Phi Beta Cons

New Generation Ready to Vote

Fred Barnes said on TV yesterday that we don’t need to be reminded of all the Clinton scandals and lies because, his implication was, they are still so vivid for many of us. But we should remember that the Clinton presidency started over fifteen years ago. That is, many young people in college today and ready to vote were children at that time. They certainly do need to be told of the whole Clinton legacy, no matter how tired some political junkies are of hearing about it. We certainly can’t count on our colleges to tell the story whole. For example, in the feminist history, The World Split Open: How the Modern Women’s Movement Changed America, the section on the Monica Lewinsky scandal dismissed the whole episode by saying that the sexual activity between Monica and Bill was voluntary — something that had never cut any ice with feminists before when it involved a superior/inferior working relationship — and that Ken Starr was a right-winger out to get Clinton. 

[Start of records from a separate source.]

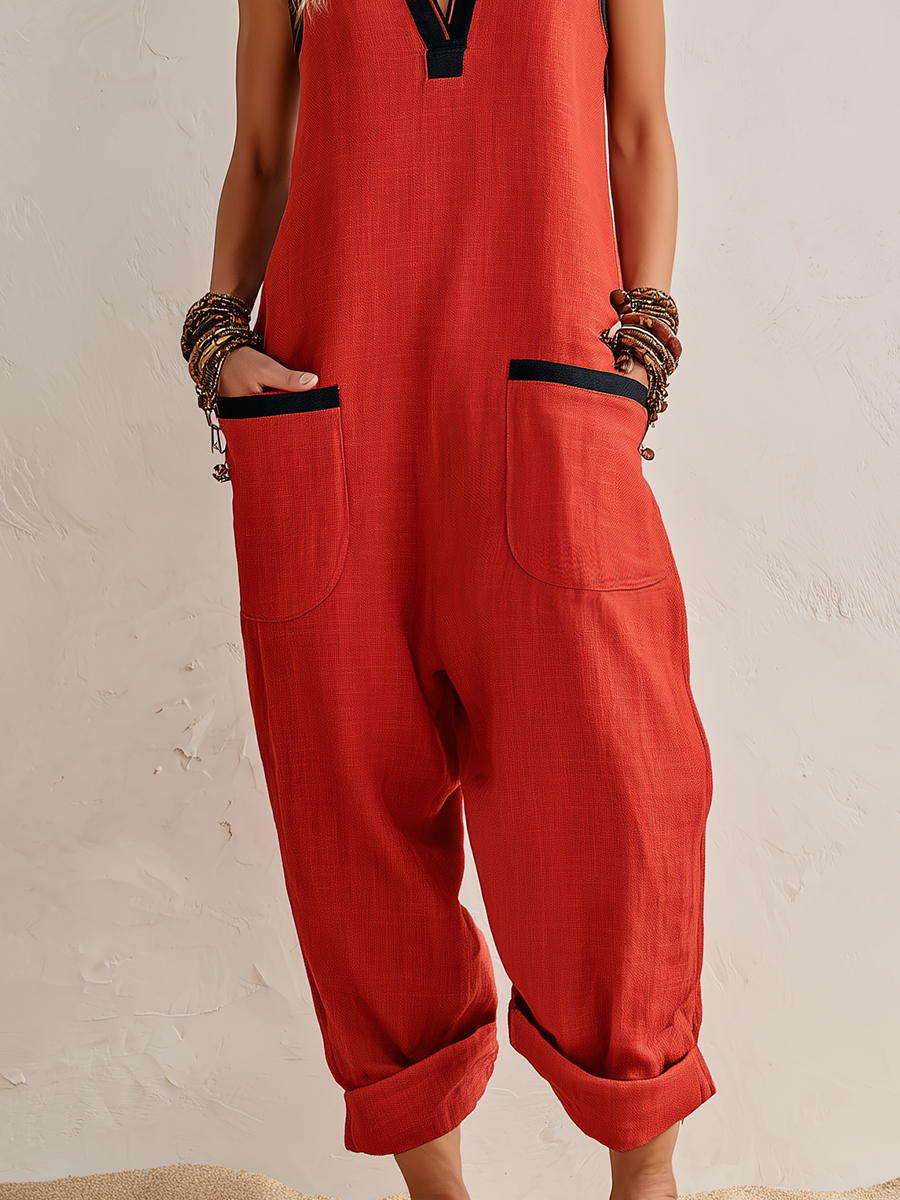 Bohemian Casual Vacation Black Trim Red Cotton Linen V-neck Sleeveless Pocket Loose Jumpsuit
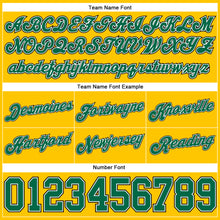 Laden Sie das Bild in den Galerie-Viewer, Custom Gold Black Pinstripe Kelly Green-White Authentic Basketball Shorts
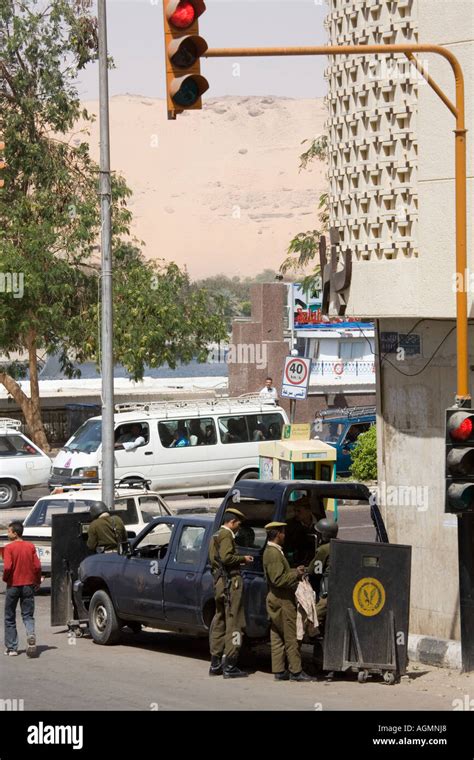 Police Street Security Aswan Egypt Stock Photo Alamy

No mention  of all the women who were the involuntary recipients of Clinton’s attention, no mention of the feminist-inspired harassment legislation that Clinton himself had signed into law and that led to his lying under oath, and no mention of how differently the feminists had behaved in the Anita Hill episode of the early nineties, when they went into paroxysms of rage alternating with Victorian fainting fits about alleged bawdy talk in the workplace. And, while we’re at it, no mention of how Hillary Clinton and other feminists worked to discredit Kathleen Willey, who was groped by Bill Clinton as president when she came to him in need of a job.